Über die Jahre (5): Im August widmet sich der Tonträger Platten aus vergangenen Tagen. Heute: Chico Buarque, der 1971 Samba und Bossa nutzte, um pointierte Kritik an Brasiliens Militärdiktatur zu üben

Cover Chico Buarque

Es ist 1971, Chico Buarque ist gerade aus dem italienischen Exil in seine Heimat Brasilien zurückgekehrt. Die Bedingungen unter der Militärdiktatur haben sich verschlechtert. Offene Kritik ist unmöglich, es herrscht die Zensur. Unter diesem Eindruck nimmt Chico Buarque ein Album auf, das deutlich düsterer ist, als seine vier Vorgänger: Construção.

Seite eins ist dominiert von komplizierten und dichten Texten und ausladenden, raffinierten Arrangements in Moll. In Cotidiano (Alltag) klingt Buarque resigniert. Der Song schildert aus der Perspektive eines Arbeiters die Monotonie des Alltags. Leitthema sind die wiederkehrenden Küsse seiner Frau, die gleichzeitig einen Hinweis auf ihr ebenso monotones Leben geben und ihre verzweifelten Versuche, auszubrechen. Am Ende wird die erste Strophe wiederholt, alles beginnt von vorne. Es folgt Desalento, der wohl traurigste Samba der Musikgeschichte. Stand der Samba in Buarques Werk bisher für Gemeinschaft und Lebensfreude, kommuniziert er hier nur Isolation und Absturz.

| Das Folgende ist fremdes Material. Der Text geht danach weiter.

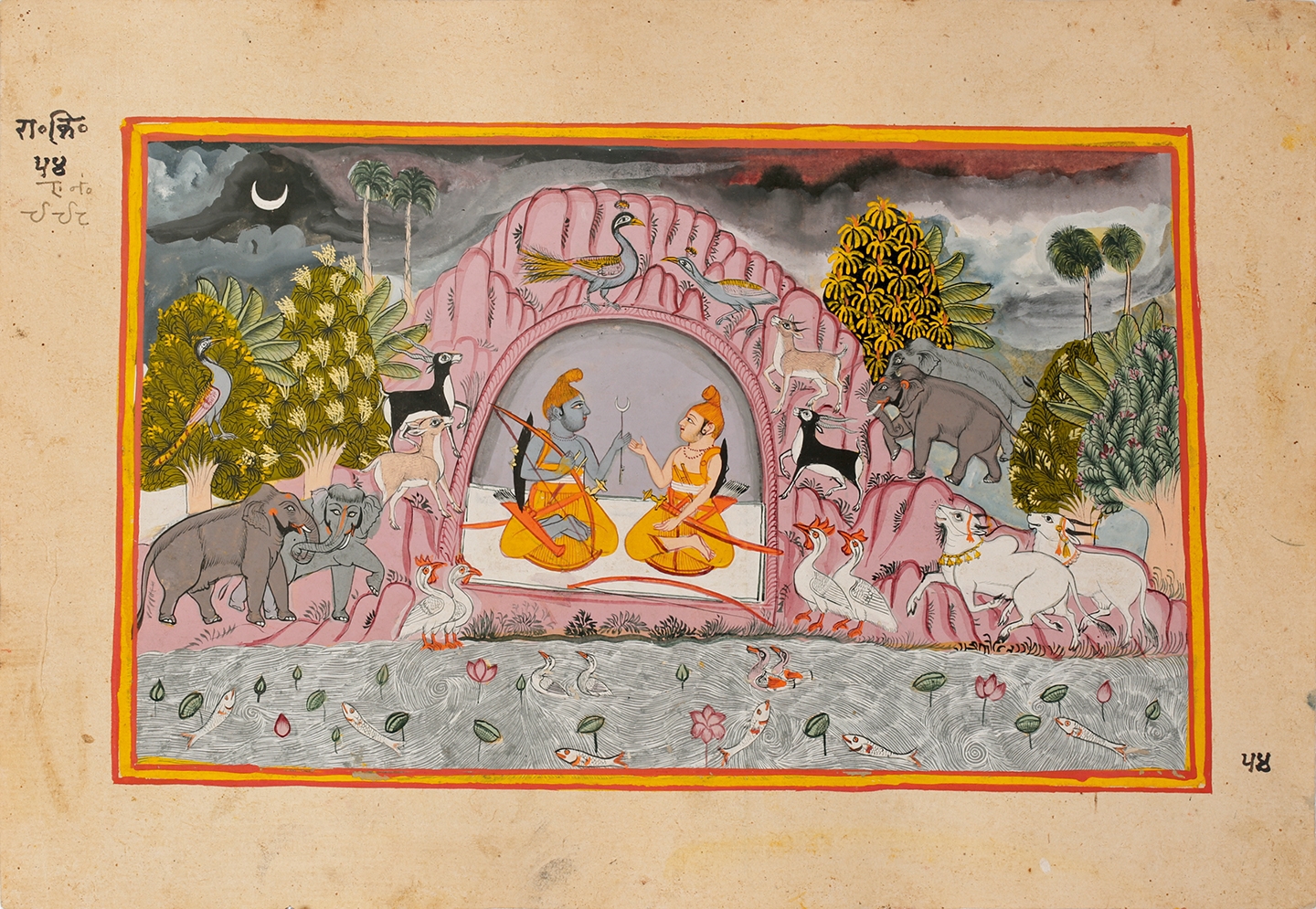 Artwork by Mira Bagas, AN ILLUSTRATION FROM A RAMAYANA SERIES ATTRIBUTED TO THE WORKSHOP OF MIRA BAGAS - Rama Laments for Sita, Made of Opaque pigment on paper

Das Titelstück Construção handelt vom Tod eines Bauarbeiters. Begleitet von bedrohlich wirbelnden Streicherfiguren und brutalen Bläsersätzen ist es eine Kritik an den schlechten Arbeitsverhältnissen im Land. Während der Tod lediglich eine Irritation im Ablauf des Alltags verursacht, bringt er die Strophen Buarques nachhaltig durcheinander. Am Ende des Stücks steht die Wiederholung von Textteilen aus dem Anfangsstück Deus Lhe Pague (Gott vergelt’s ihnen), eine poetisch verschlüsselte Anklage der Passivität der Menschen unter der Militärdiktatur. Dieses Wiederaufgreifen von Themen verleiht der ersten Seite des Albums einen Suite-artigen Zusammenhang. Dagegen nimmt sich die zweite Seite fast konventionell aus. Die Bossa- und Sambastrukturen werden aber auch hier von subtilen Dissonanzen und unterschwelliger Resignation im Vortrag unterwandert.

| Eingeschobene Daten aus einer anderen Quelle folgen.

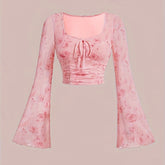 Trendy Tie Dye Print Ruched T-Shirt - Flattering Long Flare Sleeves, Casual Chic Top for Spring and Fall, Coquette Y2K Style Women's Clothing with Relaxed Fit and Soft Fabric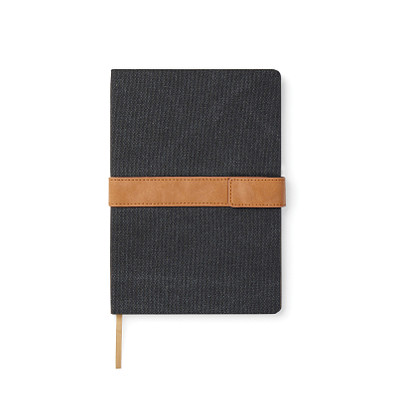 VINGA Bosler Notizbuch aus RCS recyceltem Canvas, schwarz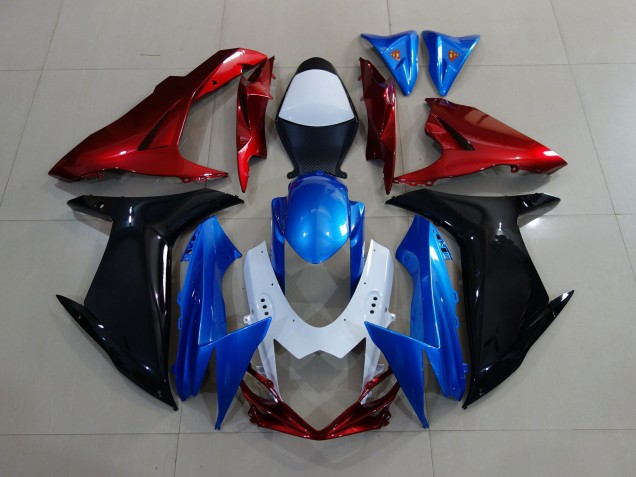 2011-2024 Personnalisé Rouge Noir & Bleu Suzuki GSXR 600-750 Carénage Moto 2011-2024 Personnalisé Rouge Noir & Bleu Suzuki GSXR 600-750 Carénage Moto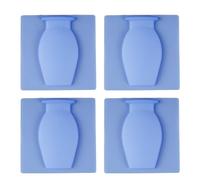 Remingtape Jarrón de silicona, jarrón de silicona extraíble, adecuado para montaje en pared, jarrón autoadhesivo en la entrada de la pared, azul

Construção ist ein Meilenstein der Popmusik, der Pet Sounds von den Beach Boys in seinem harmonischen Einfallsreichtum und der Raffinesse der Arrangements mindestens ebenbürtig ist. Lyrisch hingegen ist die Platte überlegen. Die pointierte Kritik wird in eine poetische, von gewitzten Wortspielen durchzogene Sprache transformiert, die den konkreten Anlass transzendiert.

Das Klischee von der ungebrochenen Leichtigkeit und Unbeschwertheit der zugrunde liegenden Formen wie Samba und Bossa Nova ist ein für alle mal zerstört. Und doch ist Construção nie erdrückend schwermütig. Man kann die zahlreichen Subtexte auch ignorieren – zumal wenn man des Portugiesischen nicht mächtig ist – und sich am musikalischen Reichtum berauschen.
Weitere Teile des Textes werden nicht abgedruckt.